SUPPLIED INFORMATION
┌──

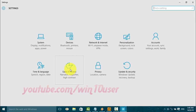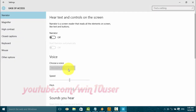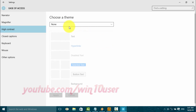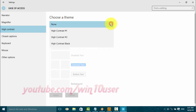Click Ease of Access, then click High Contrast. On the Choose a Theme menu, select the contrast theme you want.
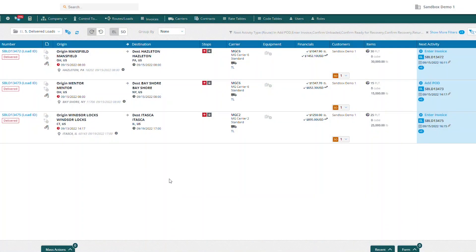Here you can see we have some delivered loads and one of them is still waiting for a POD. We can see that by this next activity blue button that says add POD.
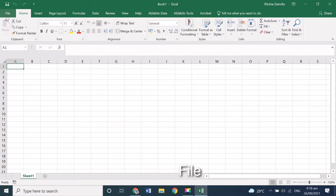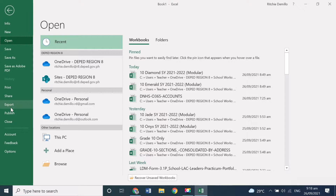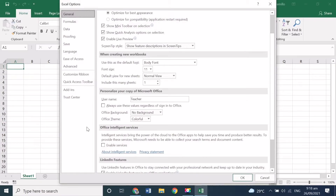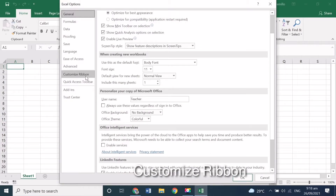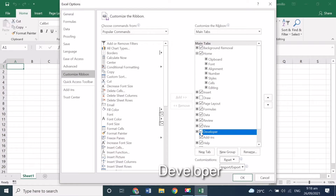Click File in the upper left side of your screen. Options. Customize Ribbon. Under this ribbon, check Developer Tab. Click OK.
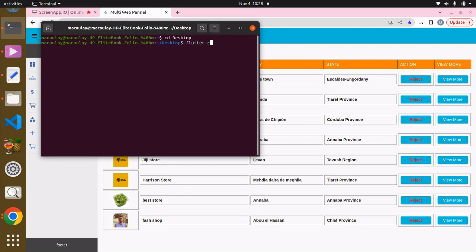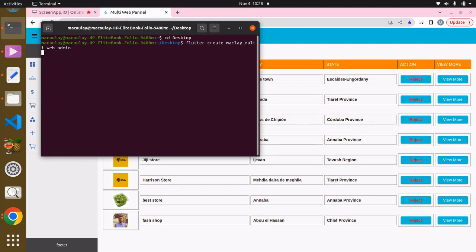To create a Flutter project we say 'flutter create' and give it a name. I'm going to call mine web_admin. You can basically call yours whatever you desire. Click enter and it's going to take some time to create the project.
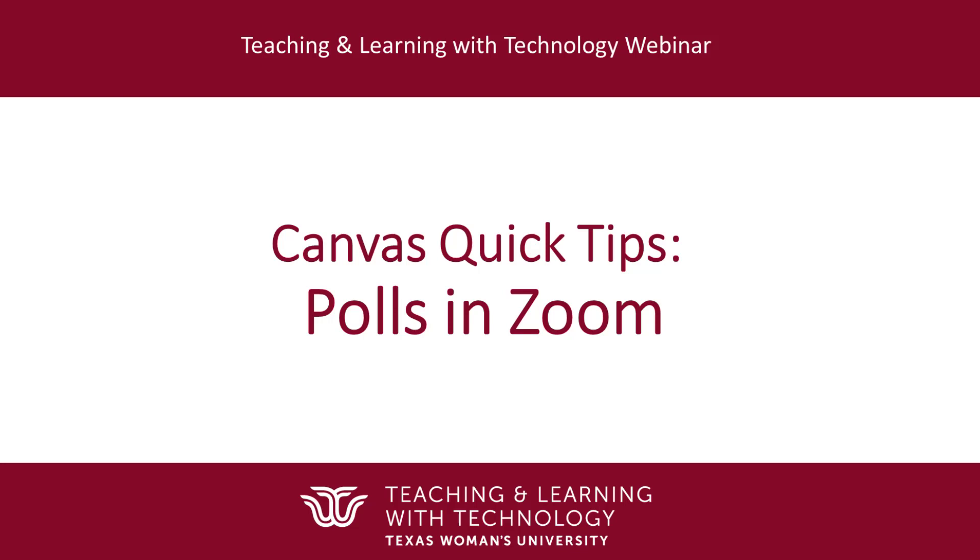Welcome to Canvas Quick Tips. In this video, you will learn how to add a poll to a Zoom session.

└──
┌──

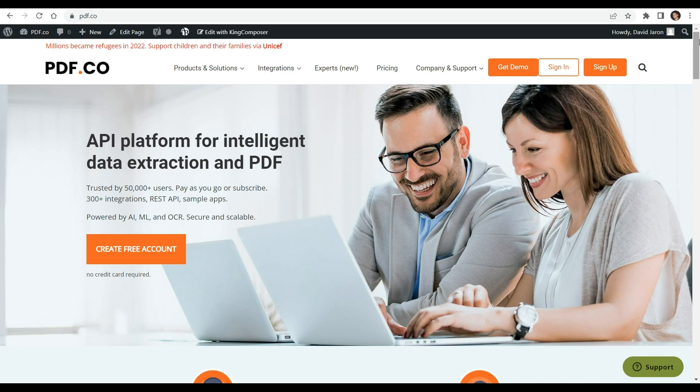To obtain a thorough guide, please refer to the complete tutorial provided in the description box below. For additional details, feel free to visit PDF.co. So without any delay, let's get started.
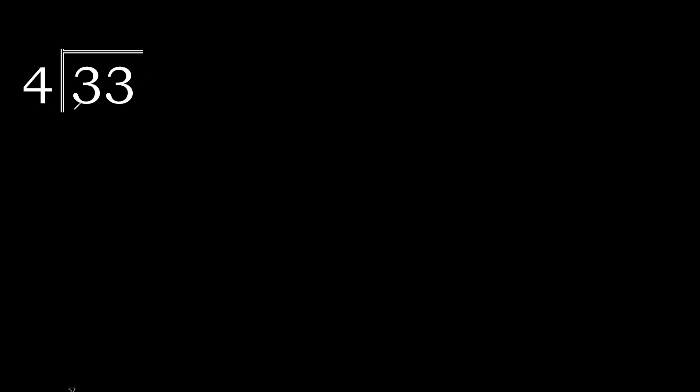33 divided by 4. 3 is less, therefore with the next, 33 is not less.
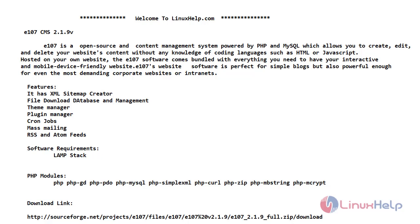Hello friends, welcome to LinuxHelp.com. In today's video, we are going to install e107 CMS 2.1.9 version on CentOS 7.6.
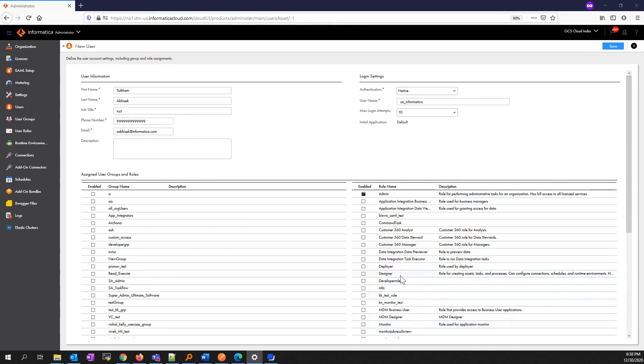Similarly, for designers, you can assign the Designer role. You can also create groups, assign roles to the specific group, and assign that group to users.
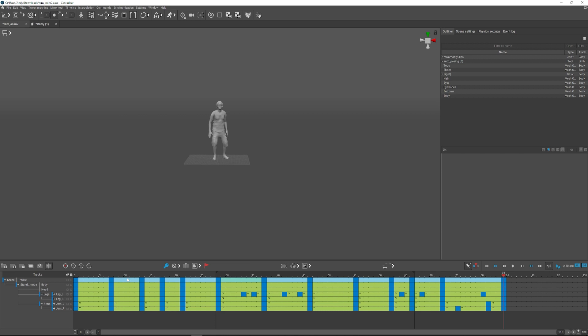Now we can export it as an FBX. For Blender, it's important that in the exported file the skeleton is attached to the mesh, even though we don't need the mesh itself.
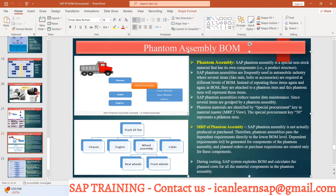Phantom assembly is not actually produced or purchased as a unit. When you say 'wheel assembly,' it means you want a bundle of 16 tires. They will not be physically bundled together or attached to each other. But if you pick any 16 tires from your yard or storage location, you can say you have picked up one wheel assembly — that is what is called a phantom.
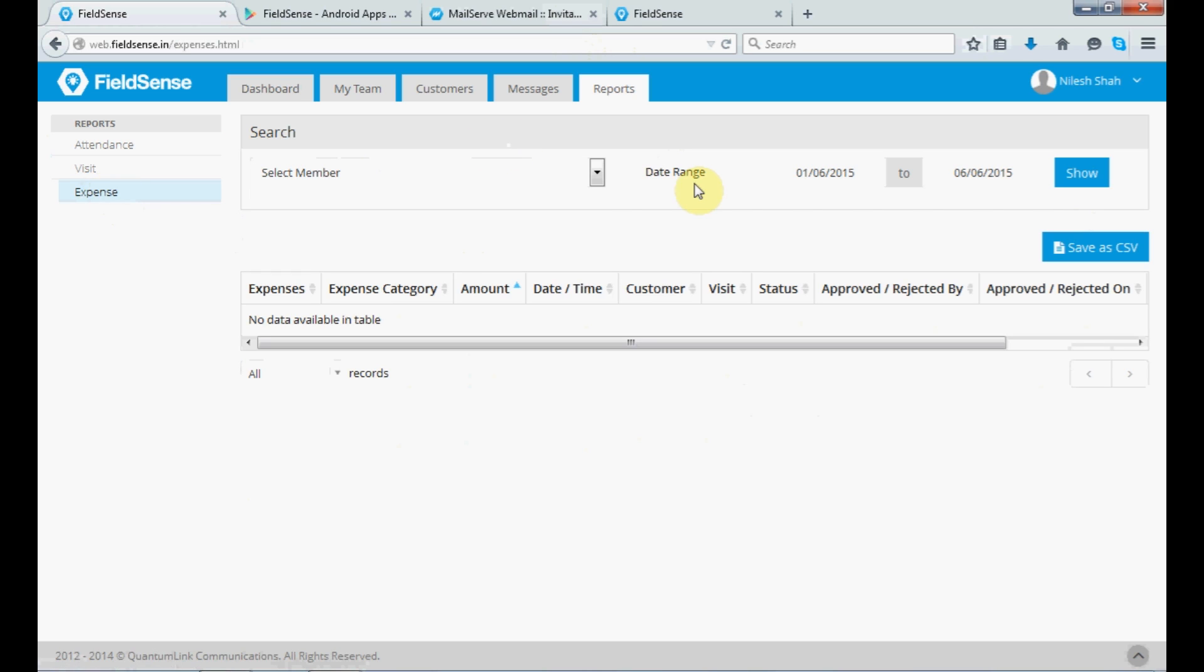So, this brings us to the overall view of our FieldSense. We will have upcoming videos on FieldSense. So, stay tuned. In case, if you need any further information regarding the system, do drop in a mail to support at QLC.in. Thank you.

└──
┌──

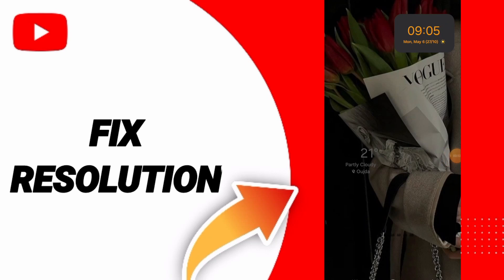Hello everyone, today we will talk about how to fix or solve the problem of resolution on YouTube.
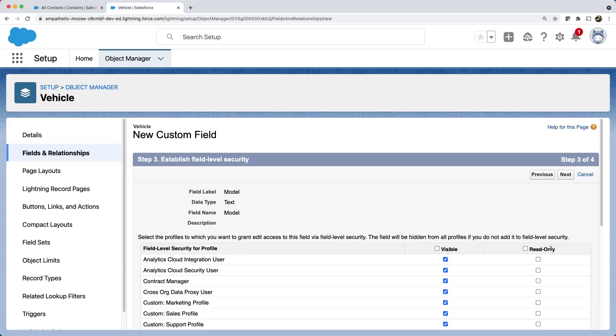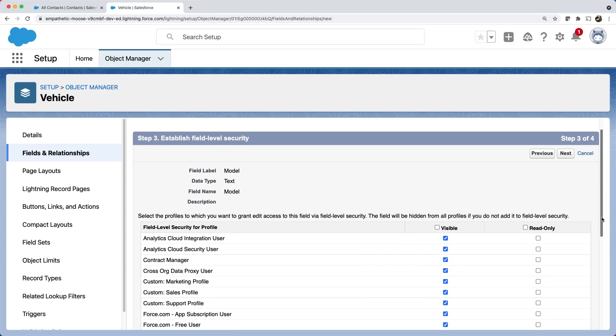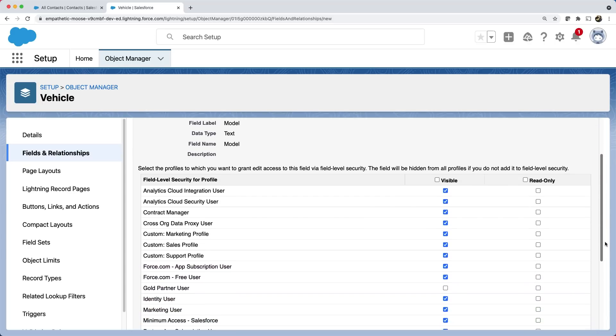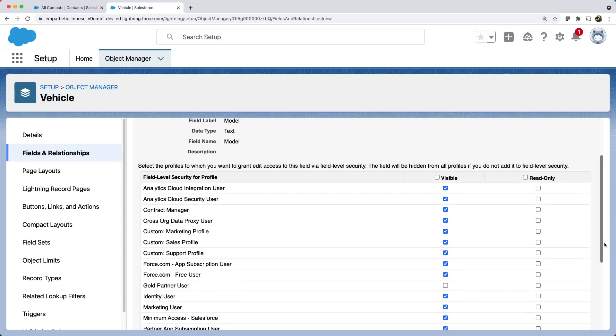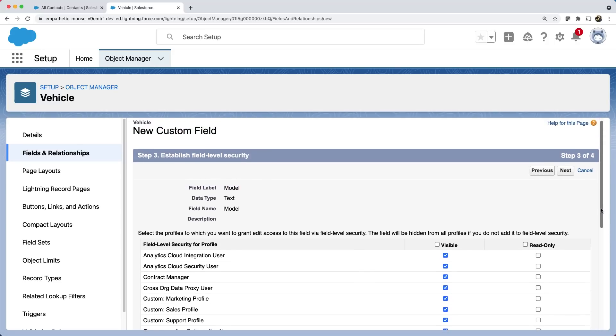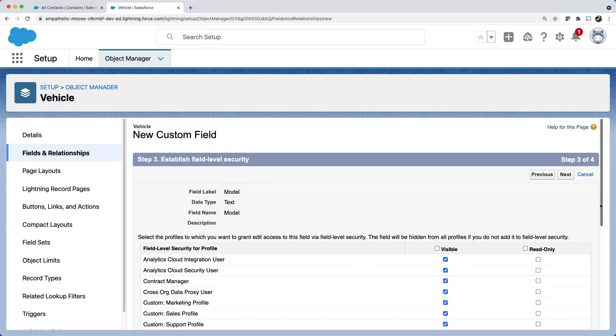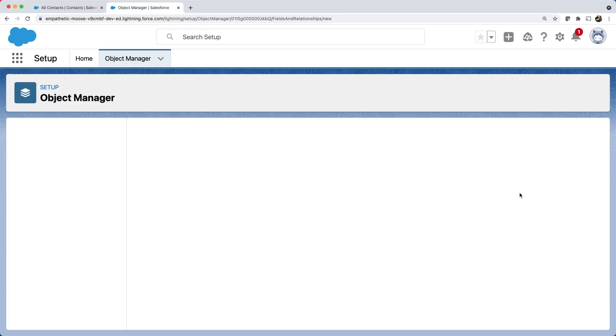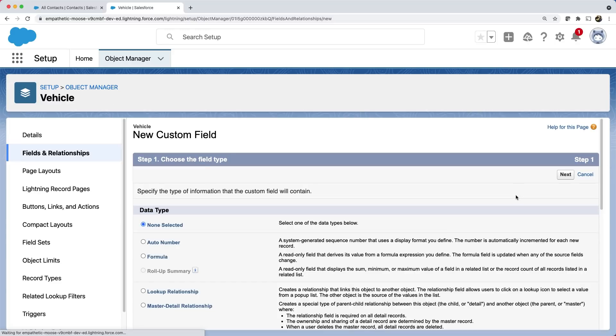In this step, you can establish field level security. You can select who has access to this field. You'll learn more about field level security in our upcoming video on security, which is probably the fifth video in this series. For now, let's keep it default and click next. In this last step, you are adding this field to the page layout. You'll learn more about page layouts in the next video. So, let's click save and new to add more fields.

└──

TRY IT
Find where the line with "Click Ease of" sits in the material above and where the line with "Click File in" sits. Set down exactly the lines from the first to the second, both included and nothing else, without pictures.

EXERCISE RESPONSE
Click Ease of Access, then click High Contrast. On the Choose a Theme menu, select the contrast theme you want.
Here you can see we have some delivered loads and one of them is still waiting for a POD. We can see that by this next activity blue button that says add POD.
Click File in the upper left side of your screen. Options. Customize Ribbon. Under this ribbon, check Developer Tab. Click OK.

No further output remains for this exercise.